I love to build things — always have. It’s fulfilling to get away from screens to create something tangible. When I’m not working as a graphic designer, I focus on building custom furniture. For a while, I thought it was simply a hobby to occupy my time. But then I finally realized that what I was building at home wasn’t much different from what I was doing at the office.
Much of my inspiration as a designer and builder comes from the lifestyle and designs of Charles and Ray Eames. Whether I’m working on advertising or furniture, I always think of this quote from Charles: “Recognizing the need is the primary condition for design.” There are a million ways to design anything, but it’s important to choose one that’s useful. From a sturdy wood bench to an elegant steel dining room table, all furniture must work toward fulfilling a need. And in the end, each piece must be the perfect balance of practical and elegant.

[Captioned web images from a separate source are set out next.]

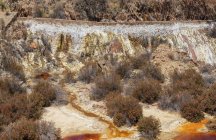 Small streams of dirty water flowing on slope of pit in Santo Domingos Mine in Portugal — Stock Photo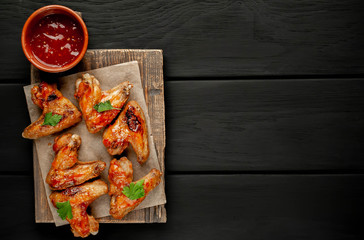 Grilled chicken wings in a barbecue sauce with parsley on a cutting board on a concrete table. Top view with copy sp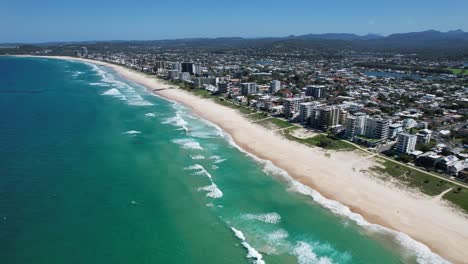 Waves-Gently-Breaking-In-Palm-Beach---Gold-Coast---Queensland-QLD---Australia---Drone-Shot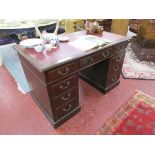 Mahogany pedestal and leather top desk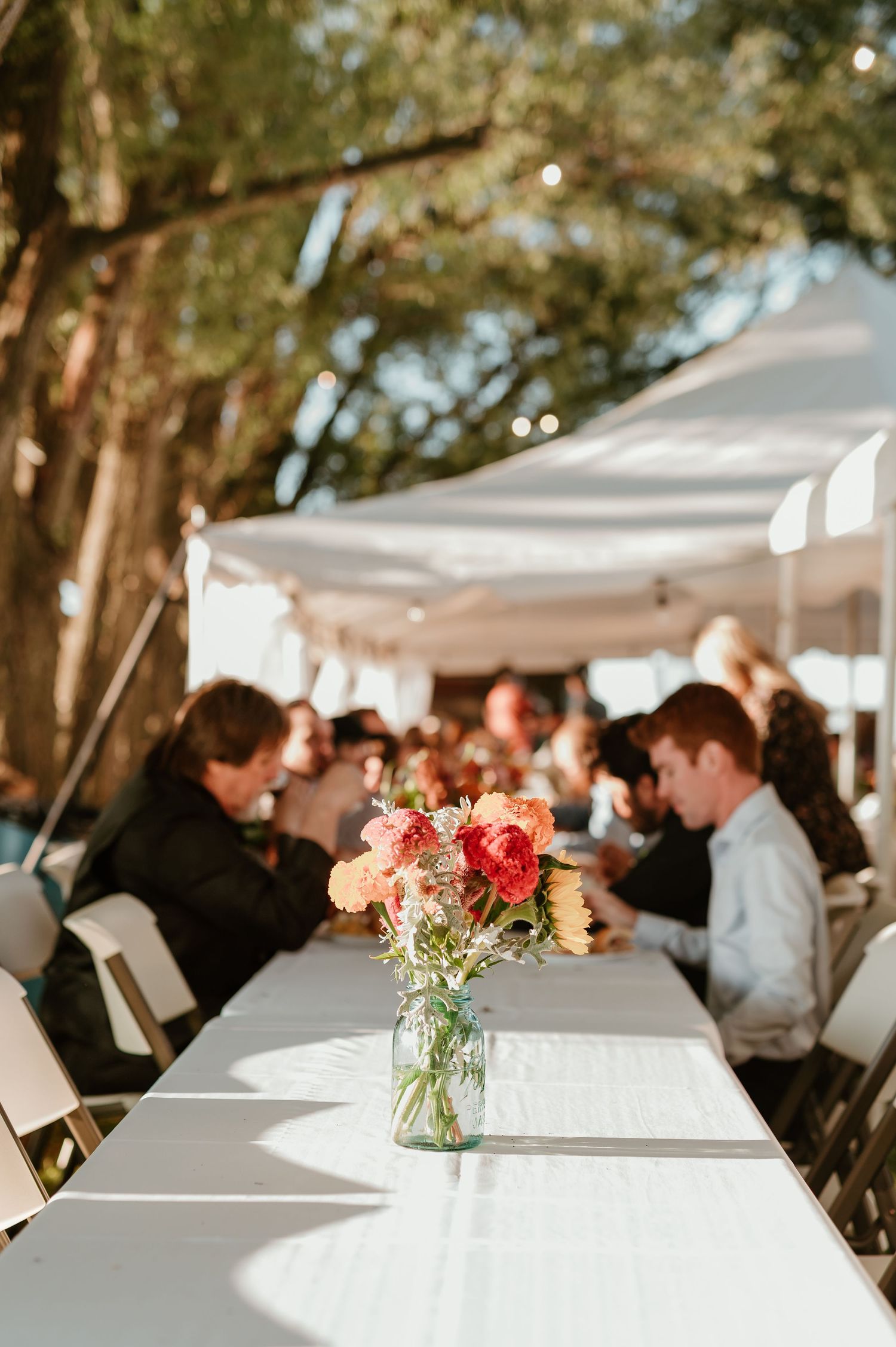Outdoor wedding reception with guests seated at white linen tables adorned with mason jar floral centerpieces under a canopy.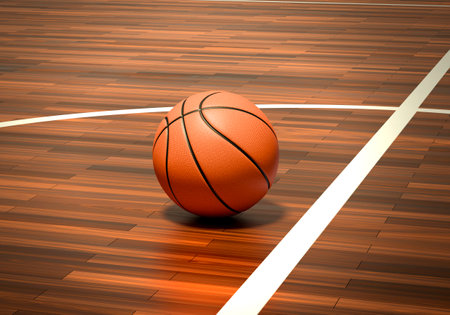 An official orange basketball ball on a hardwood basketball courtの写真素材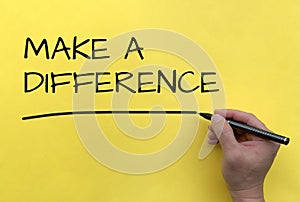 Make a difference text on yellow cover background. Copy space and make a difference concept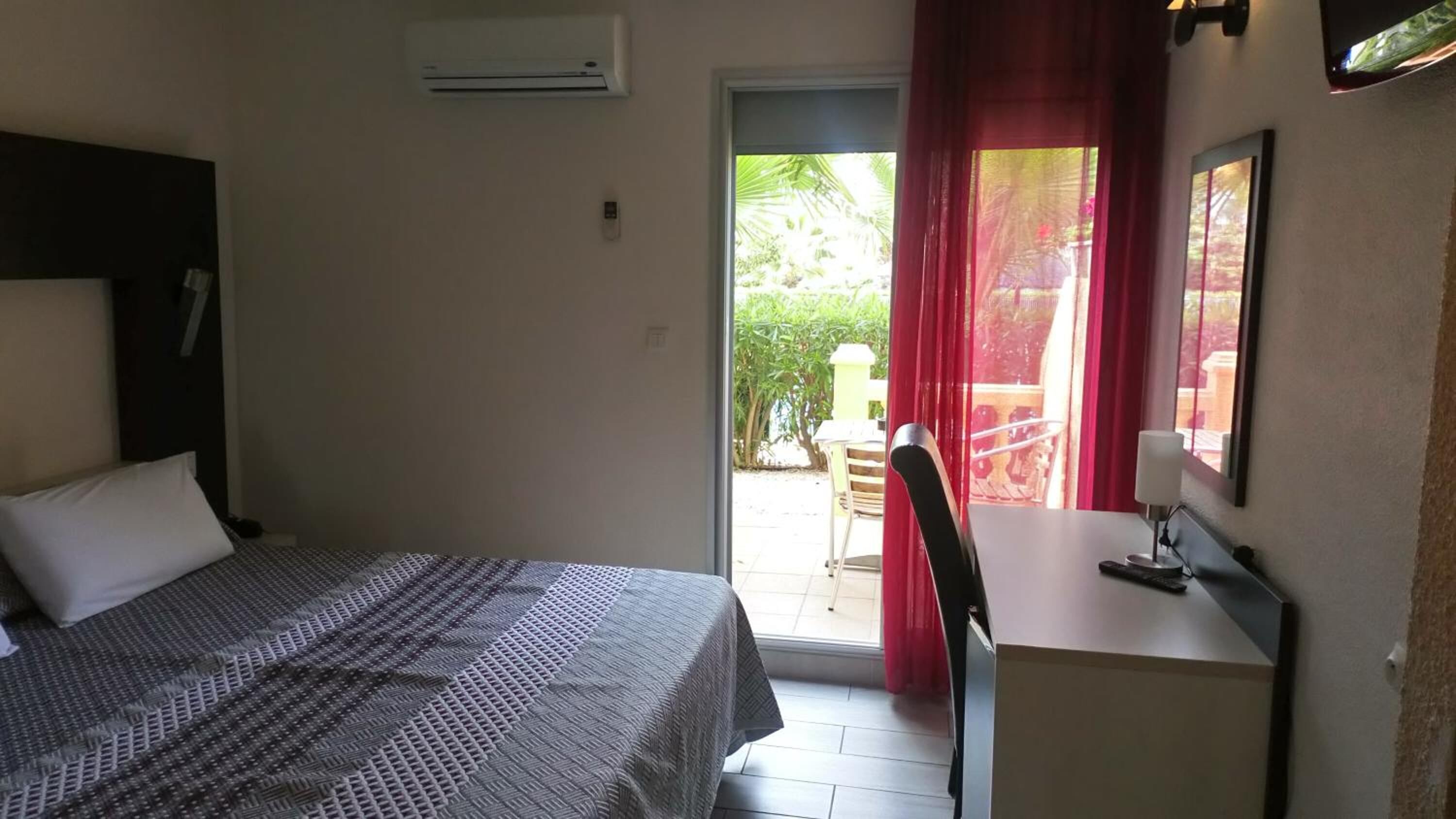Ein Hotelzimmer mit Bett, Schreibtisch, Stuhl und einem Fenster mit roten Vorhängen.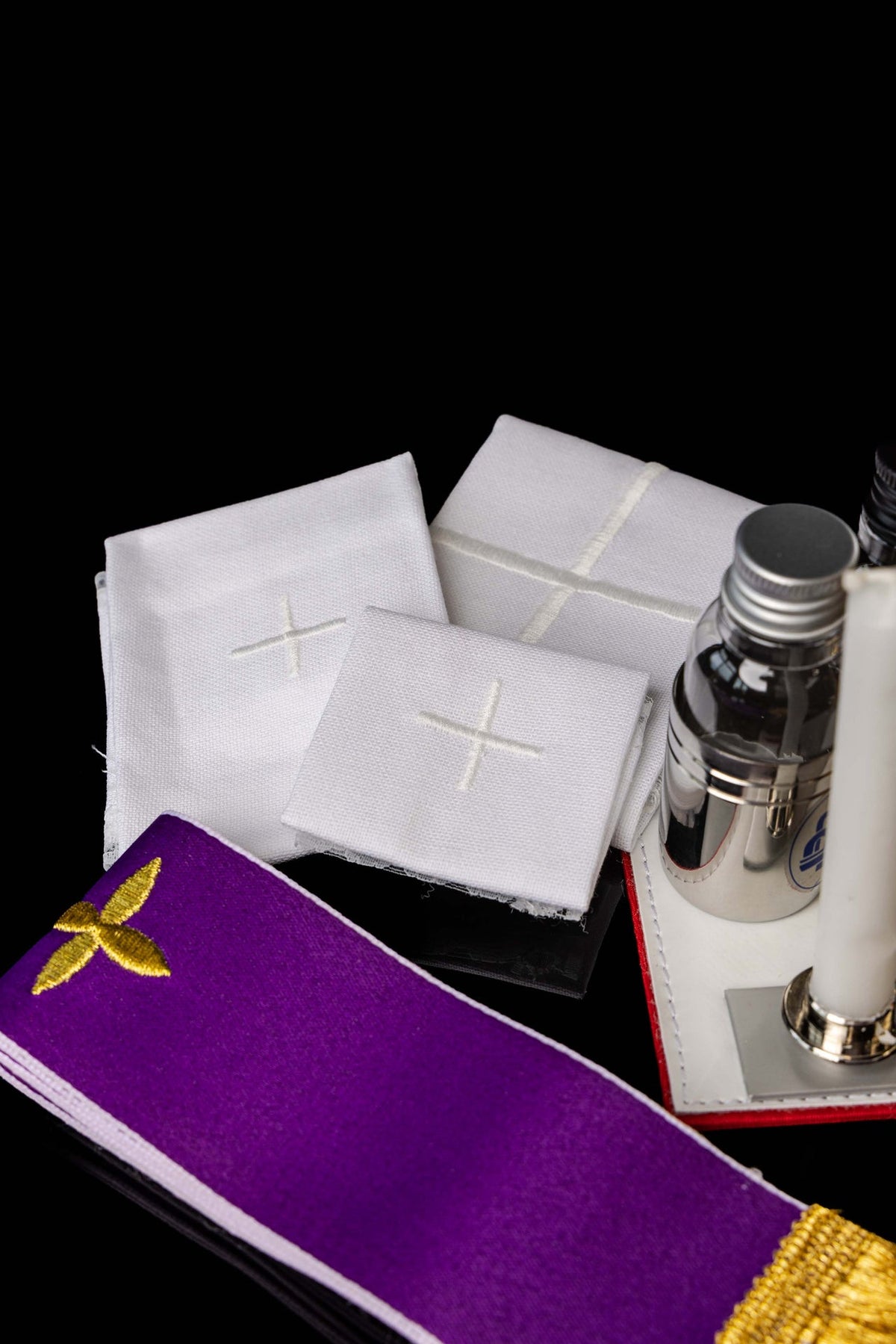 Close-up dos itens da maleta missionária, com cálice litúrgico dourado, cruz e velas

So how do you maintain both usability and beauty? Here are a few questions Charles Eames would ask himself: Does it solve a problem? Is it serviceable? How is it going to look in ten years? When building furniture or a brand, it isn’t enough to make it simply work for right now. You must also weigh the trendiness of your design against its potential longevity.
I’m sure you’ve sat in a chair that was terribly out of style, falling apart and uncomfortable. It was usable for a short time, but it ended up making friends with the dumpster. The good thing is, it was just a chair. You can buy a new one. Rebranding companies and redesigning websites is not so easy. For one thing, you’re working with companies and people who want their image to survive the ebb and flow of the latest trends. Serving those clients well means building for the future with designs that possess staying power. Fads will come and go. Needs will always be there.
If you focus solely on form and forget about function, you’re building a piece that only looks beautiful on the curb with a “Free” sign taped to it. But if you do your research and create something that answers all the right questions and finds the perfect balance, then you might produce furniture, ads, and brands that will stand the test of time and, dare I say, become iconic.
“Design is an expression of purpose. It may, if it is good enough, later be judged as art.”